A detta di Elden – oggi 30enne – la band di Kurt Cobain ha violato le leggi federali sulla pornografia infantile con danni permanenti. Ad ognuno dei 17 soggetti chiamati in causa, tra cui discografici, registi e fotografi, è stato chiesto un risarcimento di 150.000 dollari.
Elden ritiene che la sua “identità e il suo nome siano per sempre legati allo sfruttamento sessuale di natura commerciale che è stato costretto a sperimentare da minore”. In sostanza, un danno subìto “da quando era bambino fino ad oggi”, secondo gli atti depositati alla Corte federale di Los Angeles.
I soggetti citati, a cominciare dai membri viventi della band (Dave Grohl e Krist Novoselic), sono accusati di aver “prodotto e commercializzato l’immagine senza compiere passi per proteggere Spencer ed evitare l’ampio sfruttamento sessuale dell’immagine stessa”. A quanto pare i genitori del bambino all’epoca non avrebbero firmato nessuna liberatoria. Per la foto, scattata nel 1991 da Kirk Weddle, ricevettero qualcosa come 200 dollari.
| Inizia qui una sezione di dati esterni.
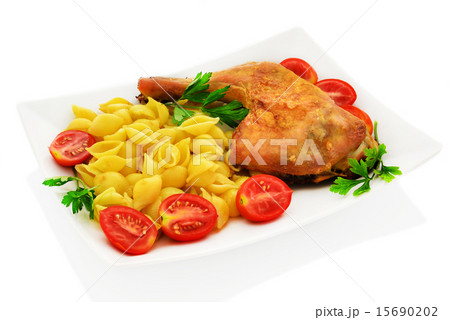 Chicken with pasta conchiglie 15690202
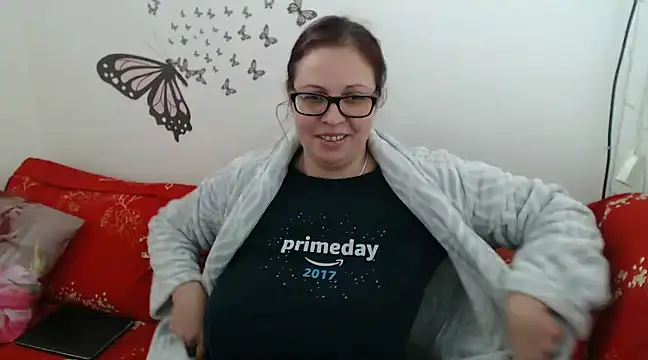 Snapshot of LadyHellene chatting on January 21, 9:03 am LadyHellene online show from January 21, 9:03 am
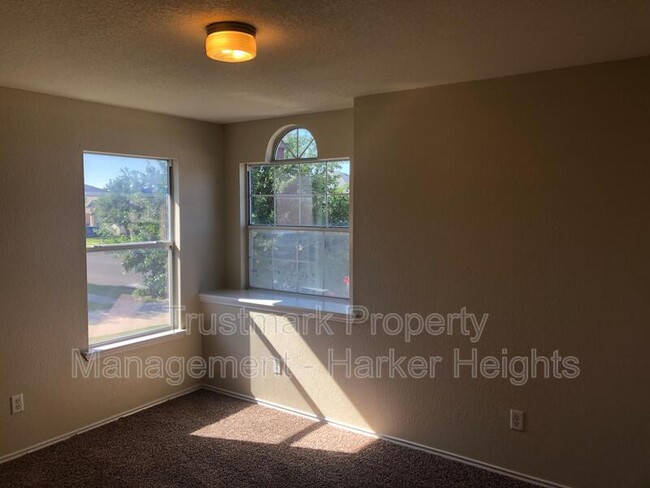 Building Photo - 4705 Golden Gate Dr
In verità, la questione dei diritti d’autore mai pagati nei confronti di bambini (o ex bambini) ha investito più gruppi. Per la registrazione della seconda parte di Another Brick in the Wall, i Pink Floyd ingaggiarono il coro di bambini della Islington Green School. Nonostante l’istituto abbia ricevuto una cifra di circa 1000 sterline, ai singoli membri non venne riconosciuto nessun diritto d’autore sulle copie del brano vendute. Tempo fa, per questo motivo – dopo venticinque anni di silenzio – l’avvocato Peter Rowan ha riunito i bambini del coro per far avere loro la quota di denaro che gli spetta.
Come ricorda R3m.it, il coro della Islington Green School – “oltre a non essersi mai visti riconoscere il diritto d’autore – non incontrò mai i Pink Floyd di persona. Tanto più che la preside della scuola – dopo aver capito a fondo il messaggio di Another Brick in the Wall – vietò ai ragazzi ogni contatto con il gruppo”.